Noriyasu Seki

Fingolimod (FTY720), sphingosine 1-phosphate receptor modulator, shows superior efficacy as compared with interferon-β in mouse experimental autoimmune encephalomyelitis

Fingolimod (FTY720), a sphingosine 1-phosphate (S1P) receptor modulator, inhibits S1P-dependent lymphocyte egress from secondary lymphoid organs and is highly effective in experimental autoimmune encephalomyelitis (EAE) in mice. In this study, we directly compared the therapeutic effects of FTY720 and recombinant mouse interferon (rm-IFN)-β on relapse and progression of EAE in mice. When FTY720 at oral dose of 0.03 to 1 mg/kg was administered daily after establishment of EAE induced by myelin proteolipid protein (PLP) in SJL/J mice, relapse of EAE was significantly inhibited during administration period.

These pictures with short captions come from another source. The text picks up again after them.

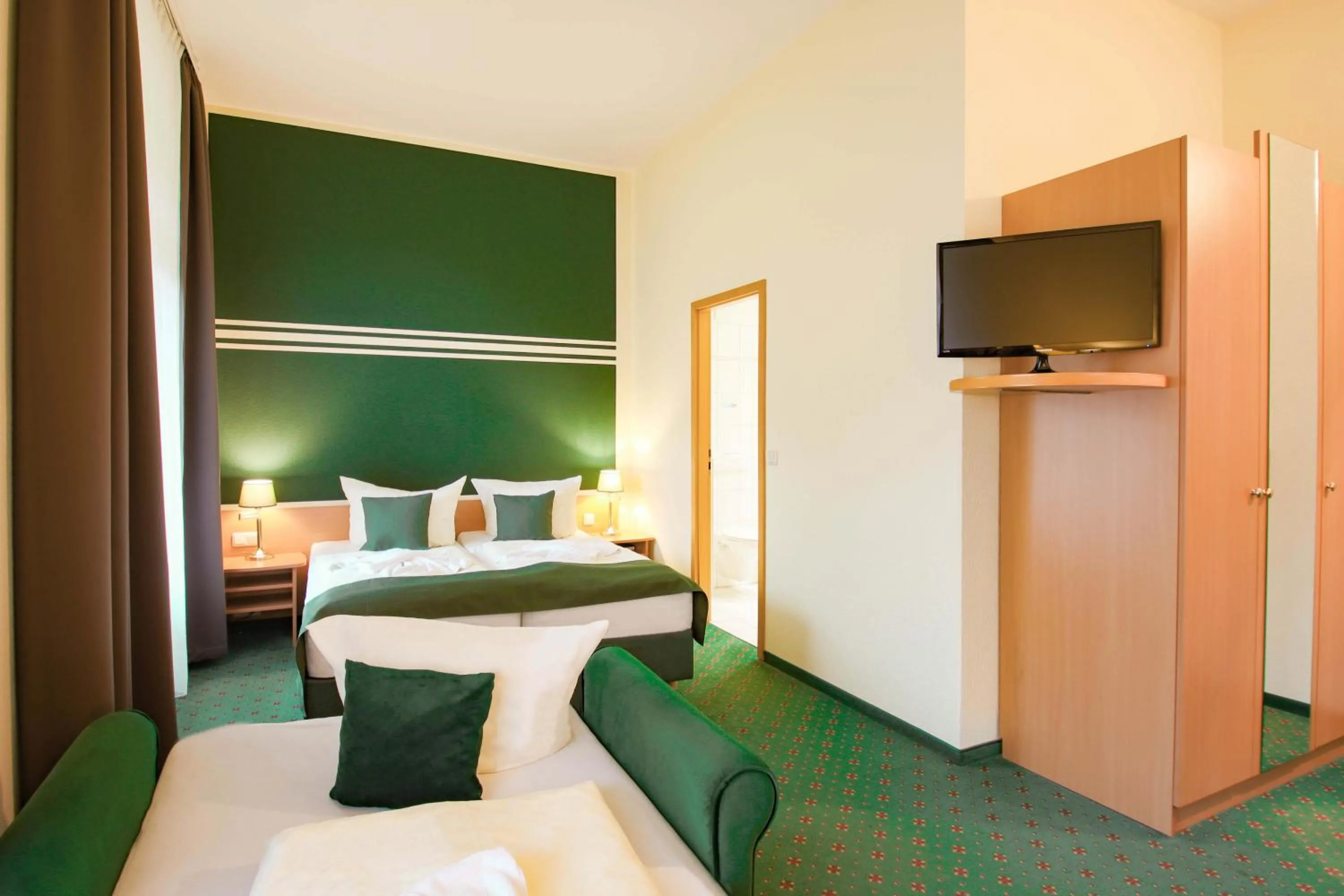 Photo of the whole room, Bed in Ferien Hotel Villa Südharz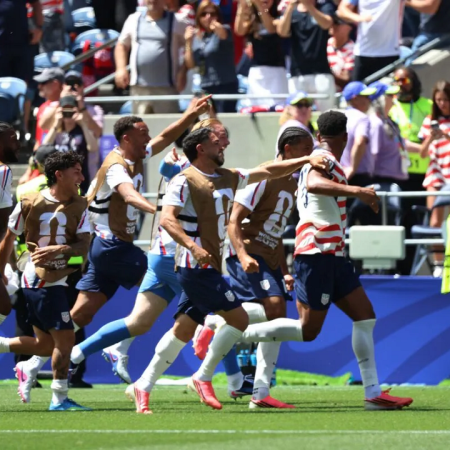 Jugadores de Estados Unidos celebran un gol de Alex Freeman este viernes, en un partido del grupo D del Mundial de la FIFA 2026 entre Estados Unidos y Australia | Foto: EFE/ Kenneth Fernandez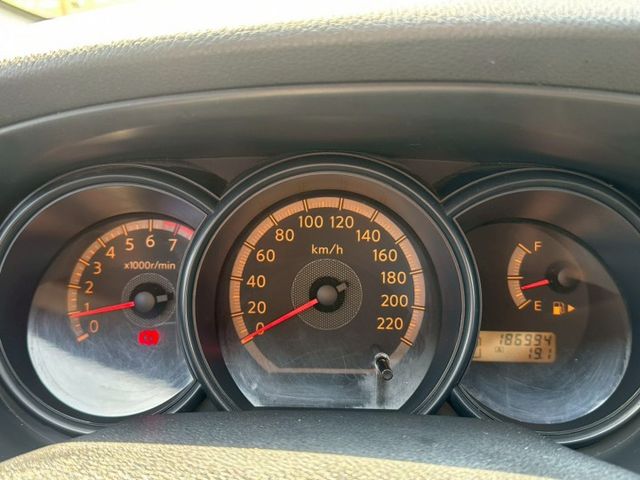 2011 Nissan Livina 1.6灰 僅跑18.7萬保證里程、無泡水、無重大事故 後座可6/4分離、通勤代步的  第5張相片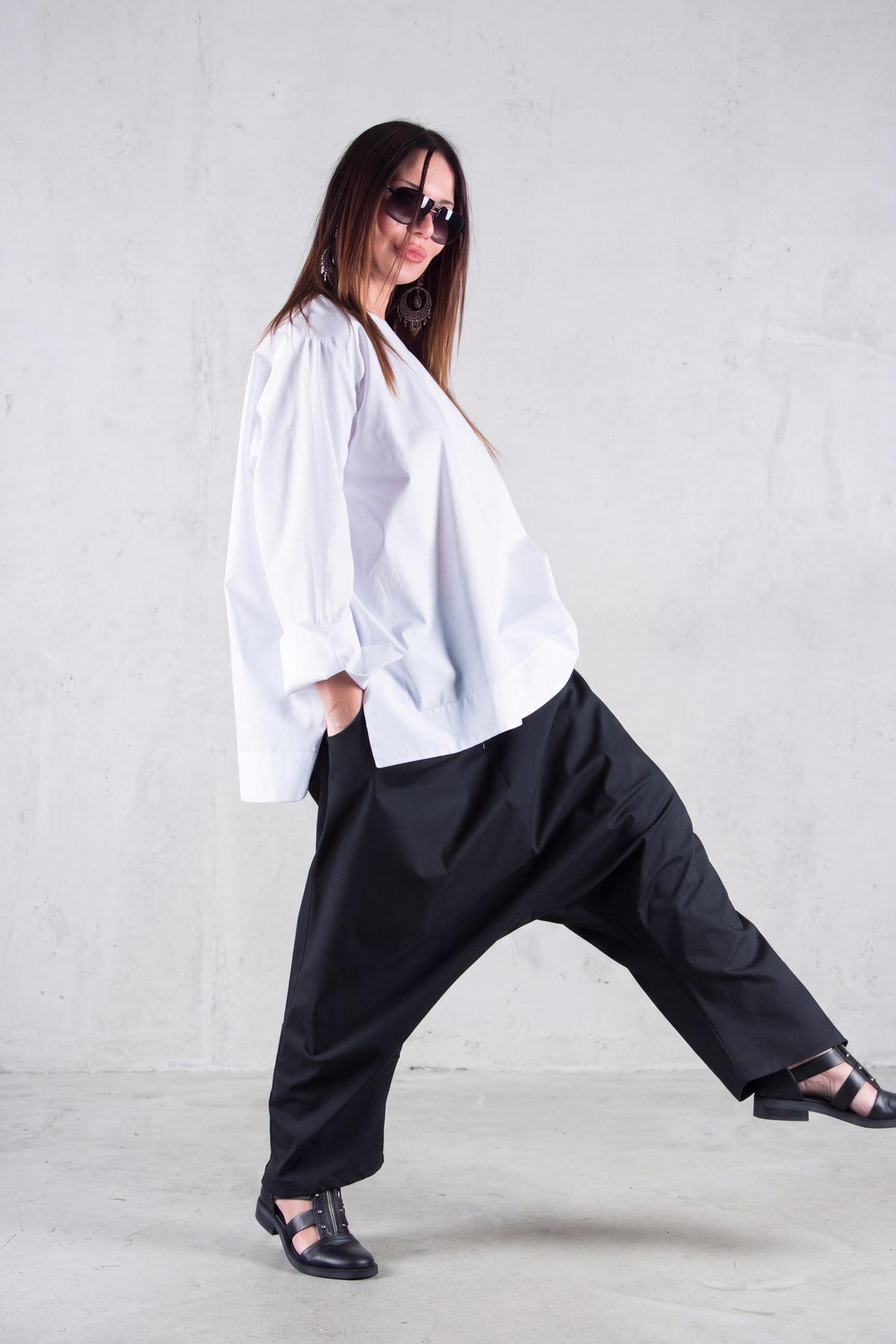 Black cotton drop-crotch pants Kony — EUG Fashion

Subcutaneous injection of rm-IFN-β (10,000 IU/mouse) also inhibited the relapse of EAE at early period; however EAE was relapsed in all the mice within administration period. Therapeutic administration of FTY720 (0.03 to 1 mg/kg) significantly improved the symptoms of chronic EAE induced by myelin oligodendrocyte glycoprotein in C57BL/6 mice whereas rm-IFN-β (10,000 IU/mouse) showed no clear effect. These results indicate that FTY720 is more efficacious in mouse EAE as compared with rm-IFN-β. FTY720 markedly reduced the frequency of PLP-specific Th17 and Th1 cells in the spinal cord of EAE mice. On the contrary, FTY720 increased the frequency of PLP-specific Th17 and Th1 cells in the inguinal lymph nodes, suggesting inhibition of egress of myelin antigen-specific Th cells from draining lymph nodes. From these results, the ameliorating effects of FTY720 on EAE are likely due to reduction of infiltration of myelin antigen-specific Th17 and Th1 cells into the central nervous system.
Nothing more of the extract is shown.